Idris - proving equality of two numbers

4
votes

I would like to write a function that takes two natural arguments and returns a maybe of a proof of their equality.

I'm trying with

equal : (a: Nat) -> (b: Nat) -> Maybe ((a == b) = True)
equal a b = case (a == b) of
    True => Just Refl
    False => Nothing

but I get the following error

When checking argument x to constructor Prelude.Maybe.Just:
        Type mismatch between
                True = True (Type of Refl)
        and
                Prelude.Nat.Nat implementation of Prelude.Interfaces.Eq, method == a
                                                                                   b =
                True (Expected type)

        Specifically:
                Type mismatch between
                        True
                and
                        Prelude.Nat.Nat implementation of Prelude.Interfaces.Eq, method == a
                                                                                           b

Which is the correct way to do this?

Moreover, as a bonus question, if I do

equal : (a: Nat) -> (b: Nat) -> Maybe ((a == b) = True)
equal a b = case (a == b) of
    True => proof search
    False => Nothing

I get

INTERNAL ERROR: Proof done, nothing to run tactic on: Solve
pat {a_504} : Prelude.Nat.Nat. pat {b_505} : Prelude.Nat.Nat.
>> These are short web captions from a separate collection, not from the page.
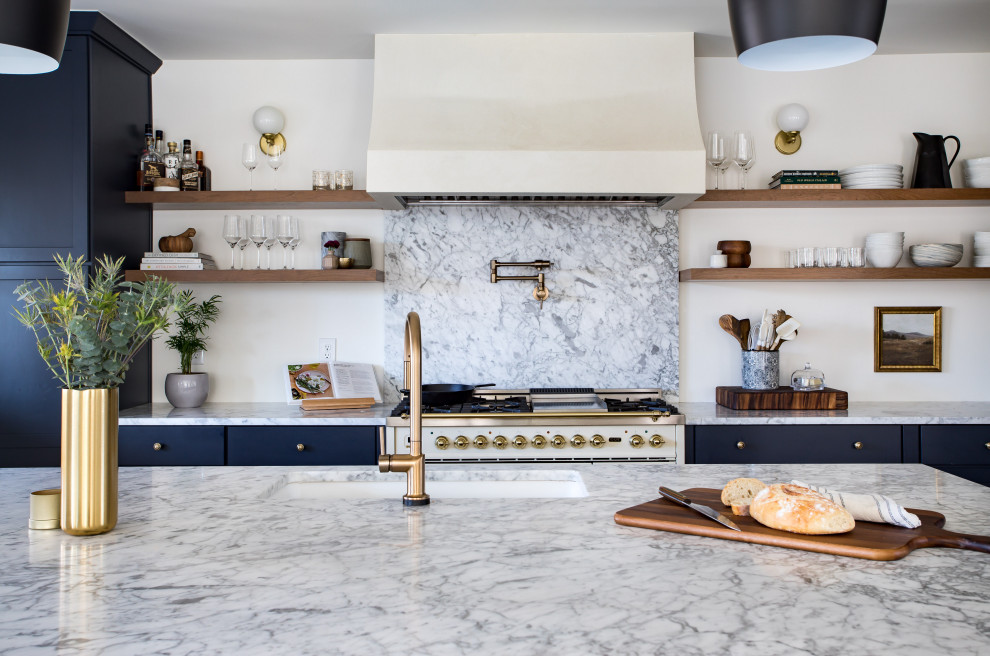 Example of a transitional kitchen design in Denver
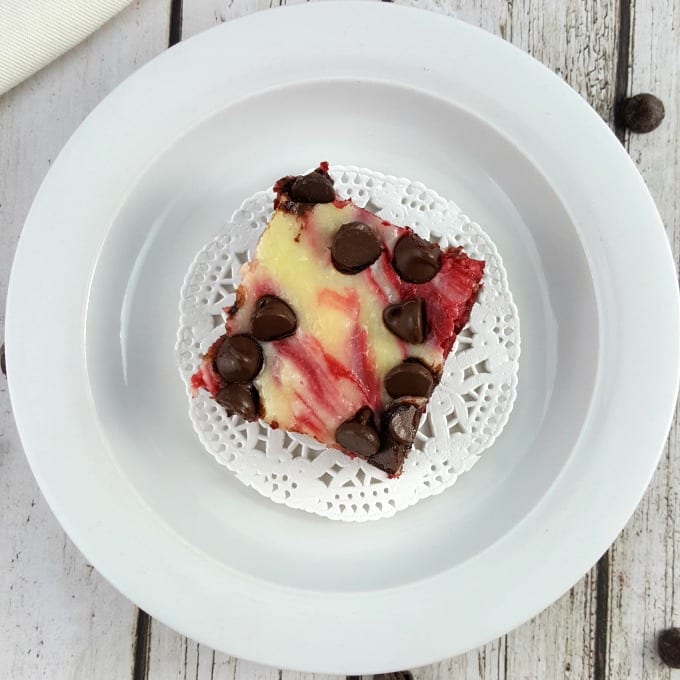 Arial view of a red velvet cheesecake brownie with chocolate chips on a white doily placed on a white plate. The plate is on a white wood background and there is a single chocolate chip on the table next to the plate.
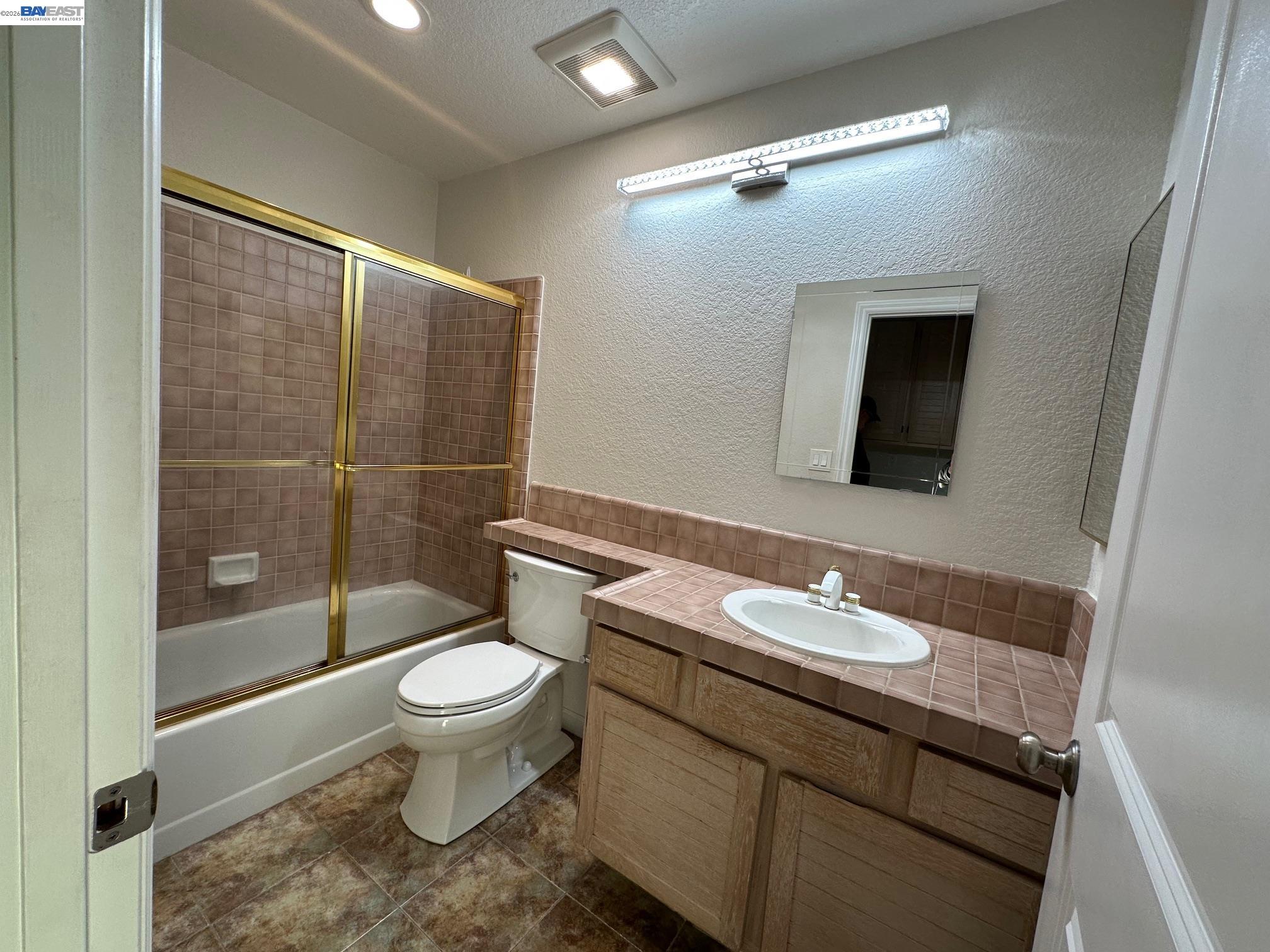 912 Vista Pointe Drive San Ramon, CA 94582 - Photo 12 of 13 a bathroom with a granite countertop toilet a sink and a mirror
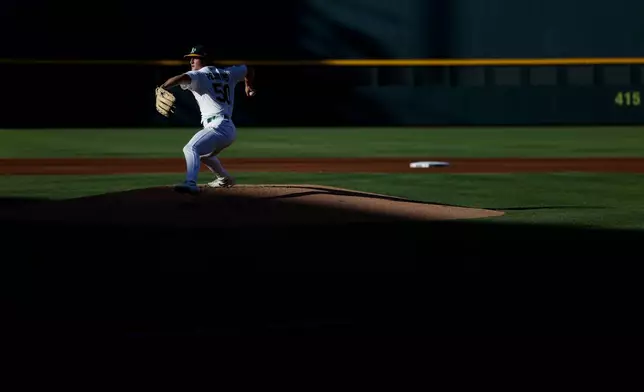 Athletics starting pitcher Jack Perkins throws during the first inning of a baseball game against the Milwaukee Brewers, Wednesday, June 10, 2026, in Las Vegas. (AP Photo/Caroline Brehman)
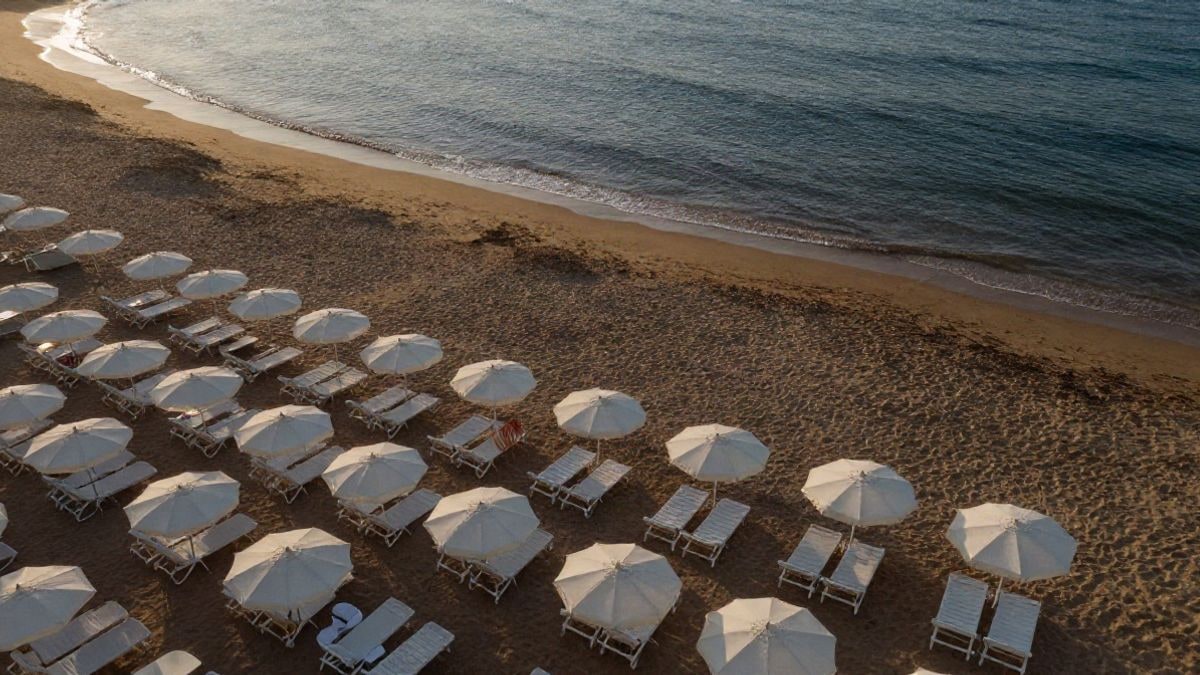 Imagen ilustrativa: vista cenital de una playa con sombrillas y tumbonas vacías al atardecer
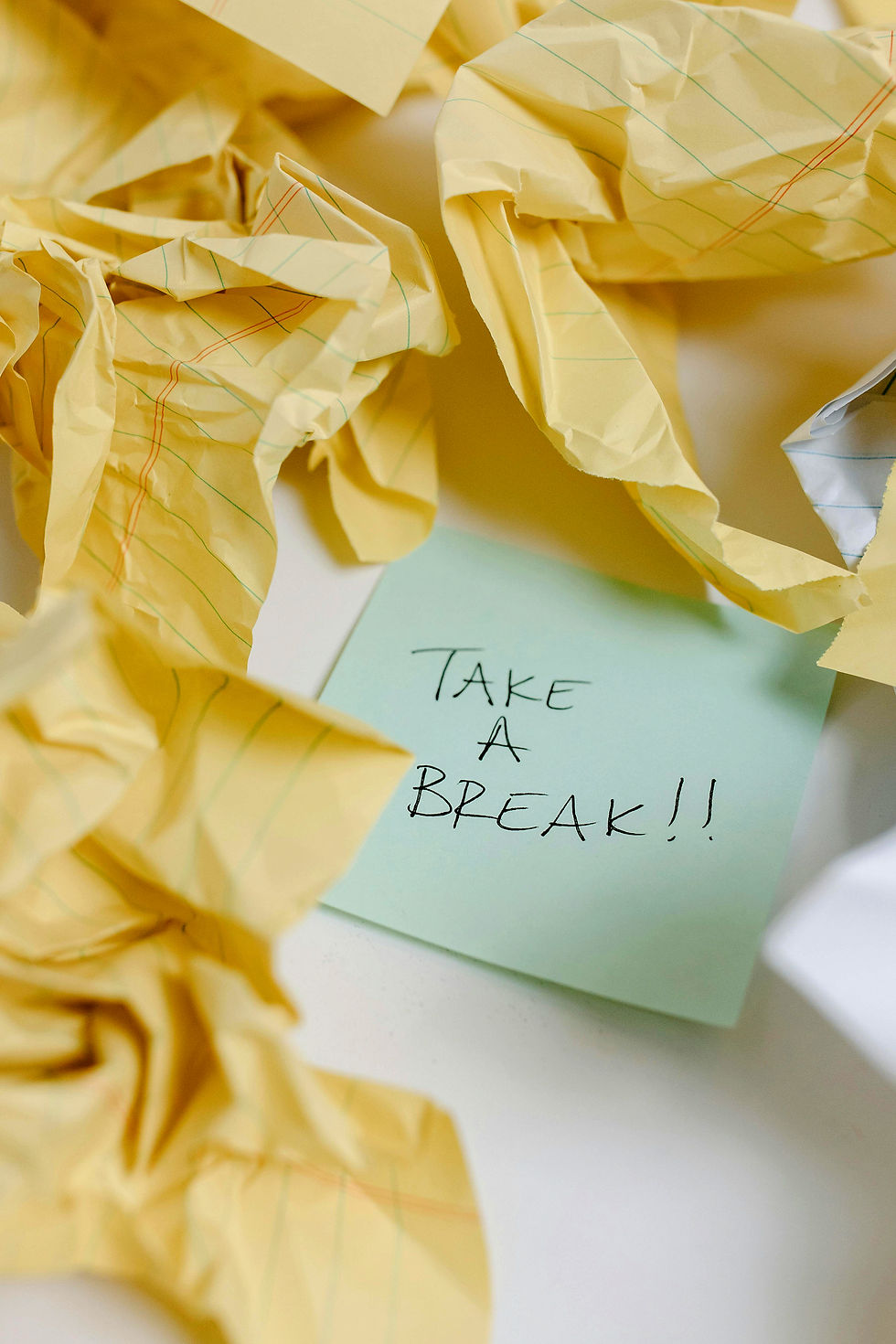 Crumpled yellow paper surrounding a blue sticky note reading "TAKE A BREAK!!"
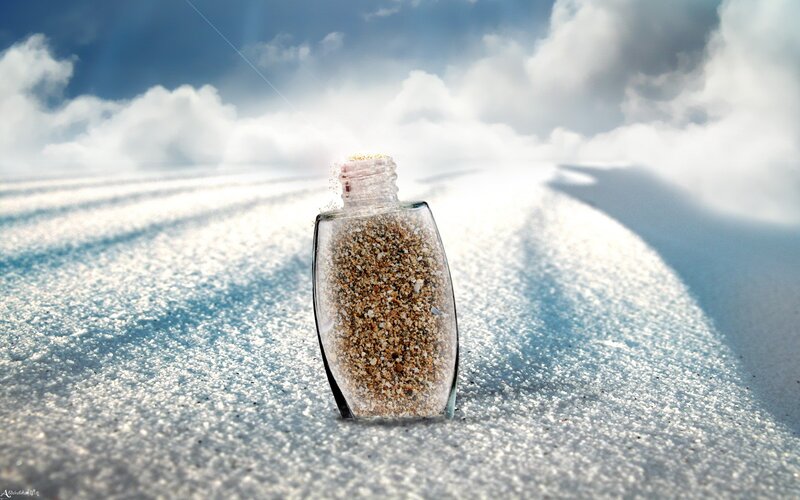 Sand bottle on beach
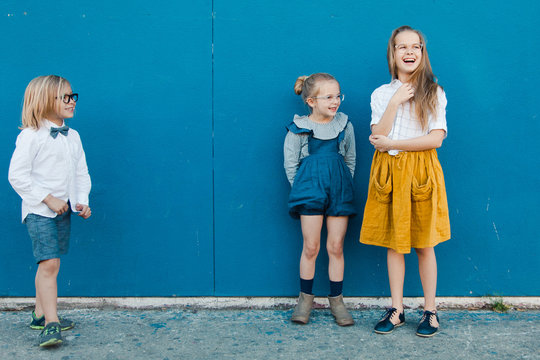 Children standing against blue wall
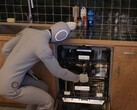 The humanoid home robot 1X Neo is loading a dishwasher (Image source: WSJ on YouTube/screenshot).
Prelude.Maybe.Nothing (= Prelude.Bool.Bool Prelude.Bool.Bool (Prelude.Interfaces.Prelude.Nat.Nat implementation of Prelude.Interfaces.Eq, method == {a_504} {b_505}) Prelude.Bool.True)
This is probably a bug, or a missing error message.
Please consider reporting at https://github.com/idris-lang/Idris-dev/issues

Is it a known issue or should I report it?

2
idristheorem-proving
Bear in mind that tactic-based proofs are obsolete in Idris, while a making decision to report an issue.Anton Trunov
You might want to consider using decEq.michaelmesser

2 Answers

5
votes

Let's take a look at the implementation of the Eq interface for Nat:

Eq Nat where
  Z == Z         = True
  (S l) == (S r) = l == r
  _ == _         = False

You can solve the problem just by following the structure of the (==) function as follows:

total
equal : (a: Nat) -> (b: Nat) -> Maybe ((a == b) = True)
equal Z Z = Just Refl
equal (S l) (S r) = equal l r
equal _ _ = Nothing
4
votes

You can do it by using with instead of case (dependent pattern matching):

equal : (a: Nat) -> (b: Nat) -> Maybe ((a == b) = True)
equal a b with (a == b)
  | True = Just Refl
  | False = Nothing

Note that, as Anton points out, this merely a witness on a boolean test result, a weaker claim than proper equality. It might be useful for advancing a proof about if a==b then ..., but it won't allow you to substitute a for b.